The bottom line is that normal radial ball bearings can take much less ovalization force than you would probably think, even if it's tiny fraction of the loads the bearing is rated for, so you either need an impractically thick BB shell, reamed perfectly round, or put the bearings in protective bores/cups. Here's some BB cups for 16er and a 20" tandem.


----------



## AdamR83 (Jan 21, 2021)

JackOfDiamonds said:


> I don't know why you wanted to blaze new ground here, so serves you right.


Not sure if it was intended this way, but that came across pretty rude. I think it's pretty obvious that I don't want to do things the same way as everyone else, given that I have: TIG brazed a frame when the whole internet said "you can't", used 26" wheels when the whole MTB industry says "that's old!", fitted rigid forks when (nearly) everyone is riding suspension, raised my BB and shortened my chainstays, and gone down on tyre size and prefer it. With the BB specifically, a 68 / 73mm wide screw in system wouldn't have worked with the clearances I needed, the tubeset I had, and my skill level.
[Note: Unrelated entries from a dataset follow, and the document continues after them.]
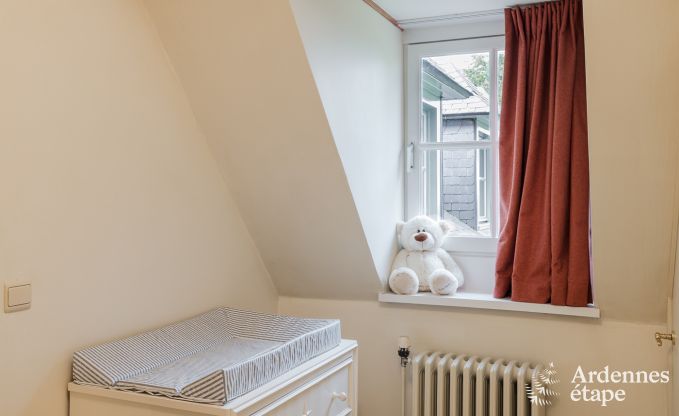 Spacieuse maison de vacances avec piscine � Dinant, Ardenne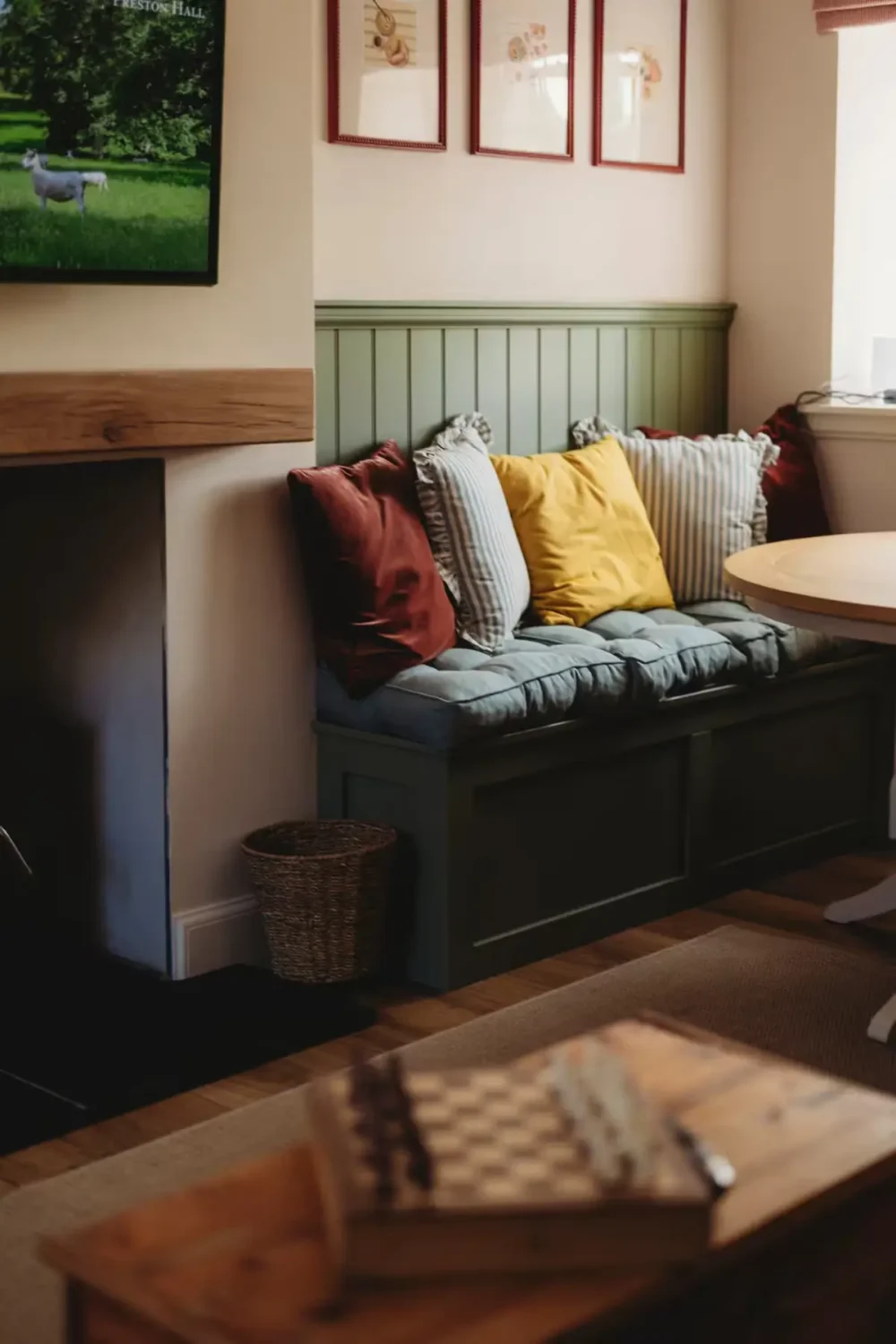 A Colorful Countryside Airbnb Cottage near Edinburgh 5 colorful-airbnb-cottage-near-edinburgh-nordroom20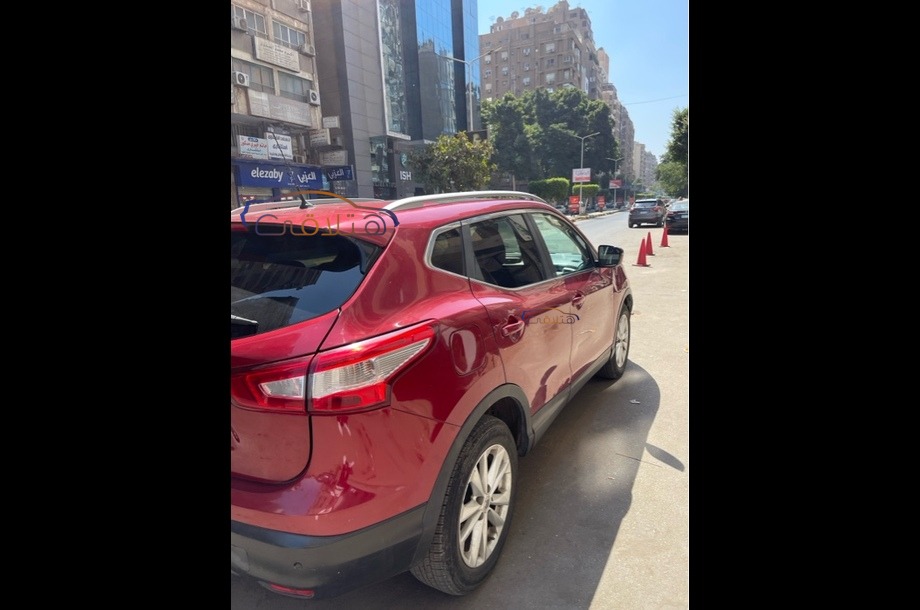 Qashqai Nissan احمر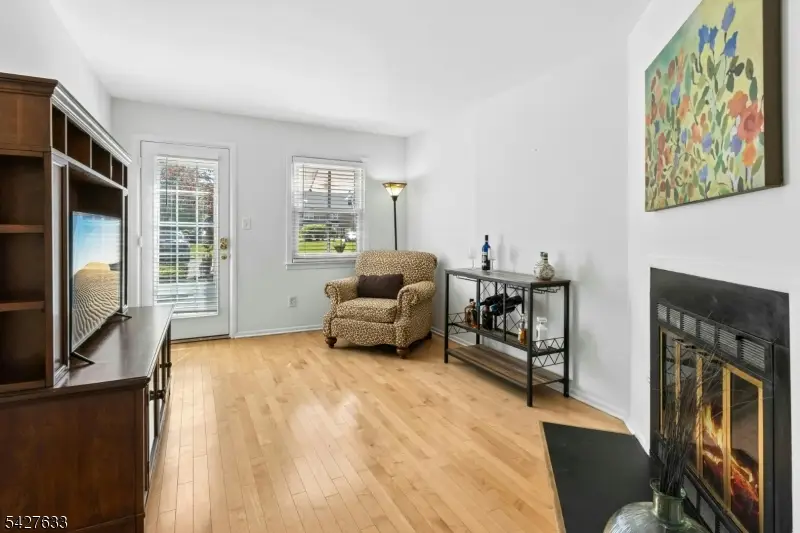 44 Tisbury Ct, Scotch Plains, NJ 07076 - #3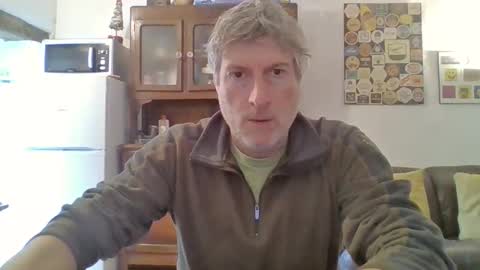 22esserre online show from May 6, 11:37 am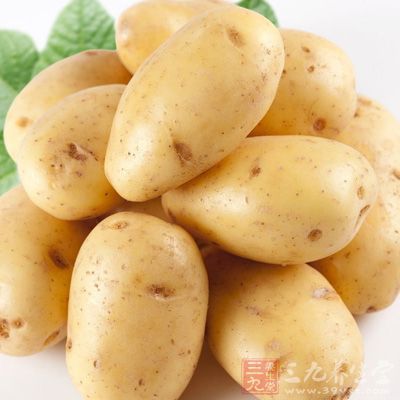 土豆中含有丰富的维生素，可以促进皮肤细胞生长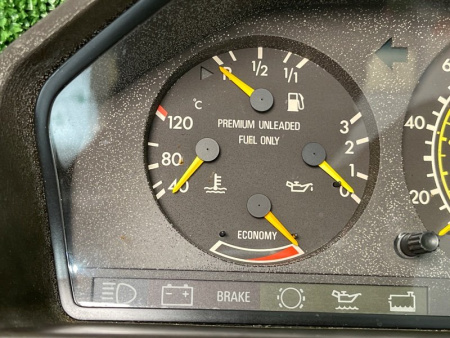 Mercedes-Benz / E-Class / Панель приборов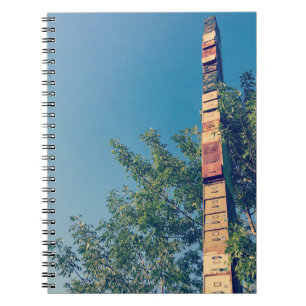 Carnet armoires de rangement empilées dans le vermont bur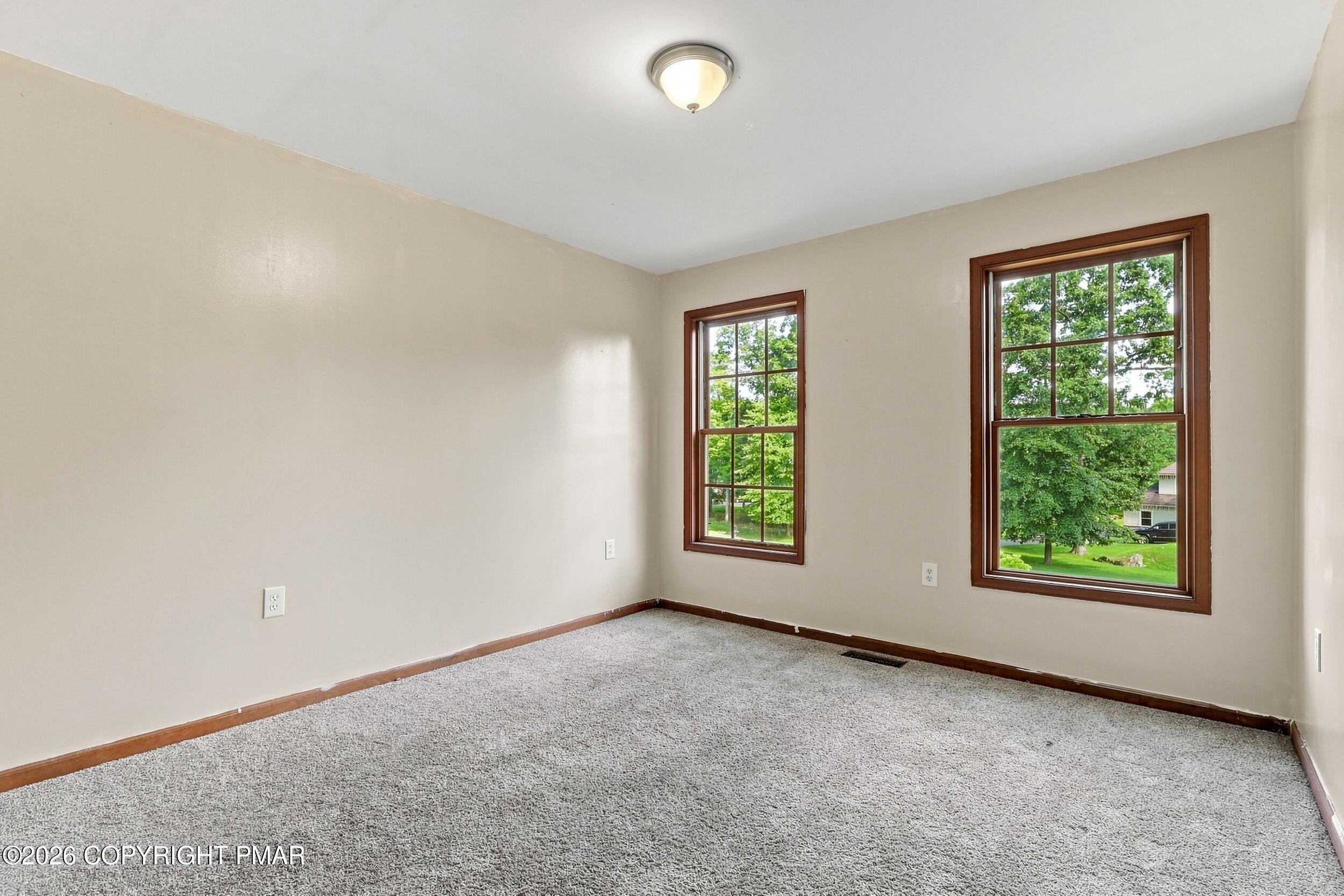 192 Waverly Drive Property Photo 39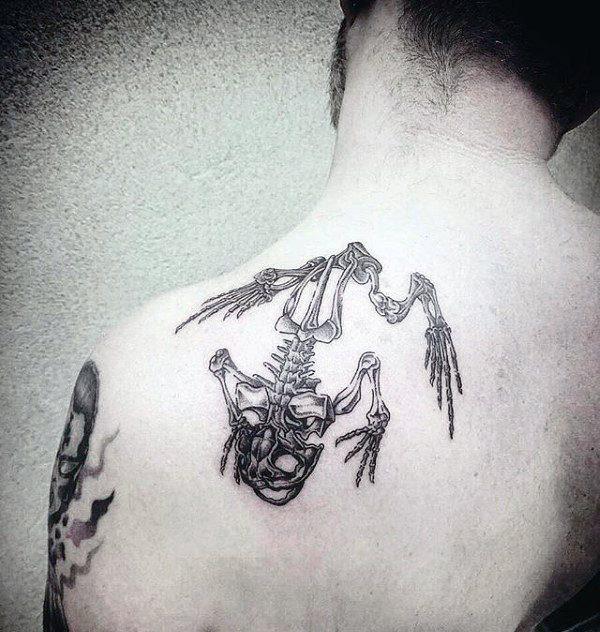 татуировка лягушка 98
I'm clearly not a moron, and I know press fit is a bit crap without serious care and attention to detail, but it's working well enough here. I'm still getting ~twice the mileage out of this system than a traditional 24tpi screw in DUB setup (granted those BBs are utter garbage), with replacement no more expensive and possible at home without expensive / specific tools.

Anyway - thanks for writing everything out that I couldn't be arsed to / didn't have time to, a very useful post for others to find in future.

I like the kids BB setup btw, nice to see someone properly considering ergonomics and not using off the peg 'solutions' with stupidly huge Q factors that leave kids riding like John Wayne!


----------



## AdamR83 (Jan 21, 2021)

OK so, next update...



















First crack found. Right through the middle of the braze. Going to put this down to an inclusion / my poor skills, and the head tube being very short.



















Melted the braze material to hopefully remove the crack, then laid another line of filler over the top. Also added a bit more at the ends of the downtube gusset, it was a bit shy previously and found two micro cracks there as well.

Surprised at how shiny and nice it looks when cleaned up, I may well do the whole frame over winter!










BB is still running smooth with the latest bearings, but I have a crafty idea to try when they die again...

SRAM PC-971 chain is dead after about 300 miles, stuck another Record C9 on.



















Sprocket and chainring are doing OK, flipped the rear one over to match the new chain.

Rear hub still working perfectly, and I still love the simplicity of the frame ends when the rear wheel needs to come out or chain tension needs adjusting.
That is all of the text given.